▸ **WHAT TO PRODUCE**
The data must be written out once more, precisely as given.

(DATA FOR THIS EXERCISE begins)

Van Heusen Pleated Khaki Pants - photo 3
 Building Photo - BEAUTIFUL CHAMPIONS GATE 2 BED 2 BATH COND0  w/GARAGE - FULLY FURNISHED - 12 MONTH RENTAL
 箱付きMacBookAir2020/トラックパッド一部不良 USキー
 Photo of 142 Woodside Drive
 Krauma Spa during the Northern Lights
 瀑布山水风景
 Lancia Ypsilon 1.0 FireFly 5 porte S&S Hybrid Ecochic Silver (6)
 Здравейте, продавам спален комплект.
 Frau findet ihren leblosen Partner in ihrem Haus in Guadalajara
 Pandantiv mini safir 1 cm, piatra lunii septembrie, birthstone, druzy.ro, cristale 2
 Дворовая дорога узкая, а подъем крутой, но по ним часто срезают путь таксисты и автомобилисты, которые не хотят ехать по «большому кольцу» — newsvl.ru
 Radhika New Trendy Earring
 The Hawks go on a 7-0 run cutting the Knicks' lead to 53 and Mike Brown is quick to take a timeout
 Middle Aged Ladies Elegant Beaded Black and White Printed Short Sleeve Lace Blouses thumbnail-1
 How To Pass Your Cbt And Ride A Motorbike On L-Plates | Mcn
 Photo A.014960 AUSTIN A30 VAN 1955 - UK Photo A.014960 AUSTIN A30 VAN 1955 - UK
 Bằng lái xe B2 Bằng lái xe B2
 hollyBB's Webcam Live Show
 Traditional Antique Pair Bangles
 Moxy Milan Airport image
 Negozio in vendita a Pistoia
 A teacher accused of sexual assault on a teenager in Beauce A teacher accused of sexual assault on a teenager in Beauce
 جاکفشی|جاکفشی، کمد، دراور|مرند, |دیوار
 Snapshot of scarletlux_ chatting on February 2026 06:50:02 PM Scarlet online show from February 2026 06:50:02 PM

(DATA FOR THIS EXERCISE ends)

▸ **OUTPUT OF THE TASK**
Van Heusen Pleated Khaki Pants - photo 3
 Building Photo - BEAUTIFUL CHAMPIONS GATE 2 BED 2 BATH COND0  w/GARAGE - FULLY FURNISHED - 12 MONTH RENTAL
 箱付きMacBookAir2020/トラックパッド一部不良 USキー
 Photo of 142 Woodside Drive
 Krauma Spa during the Northern Lights
 瀑布山水风景
 Lancia Ypsilon 1.0 FireFly 5 porte S&S Hybrid Ecochic Silver (6)
 Здравейте, продавам спален комплект.
 Frau findet ihren leblosen Partner in ihrem Haus in Guadalajara
 Pandantiv mini safir 1 cm, piatra lunii septembrie, birthstone, druzy.ro, cristale 2
 Дворовая дорога узкая, а подъем крутой, но по ним часто срезают путь таксисты и автомобилисты, которые не хотят ехать по «большому кольцу» — newsvl.ru
 Radhika New Trendy Earring
 The Hawks go on a 7-0 run cutting the Knicks' lead to 53 and Mike Brown is quick to take a timeout
 Middle Aged Ladies Elegant Beaded Black and White Printed Short Sleeve Lace Blouses thumbnail-1
 How To Pass Your Cbt And Ride A Motorbike On L-Plates | Mcn
 Photo A.014960 AUSTIN A30 VAN 1955 - UK Photo A.014960 AUSTIN A30 VAN 1955 - UK
 Bằng lái xe B2 Bằng lái xe B2
 hollyBB's Webcam Live Show
 Traditional Antique Pair Bangles
 Moxy Milan Airport image
 Negozio in vendita a Pistoia
 A teacher accused of sexual assault on a teenager in Beauce A teacher accused of sexual assault on a teenager in Beauce
 جاکفشی|جاکفشی، کمد، دراور|مرند, |دیوار
 Snapshot of scarletlux_ chatting on February 2026 06:50:02 PM Scarlet online show from February 2026 06:50:02 PM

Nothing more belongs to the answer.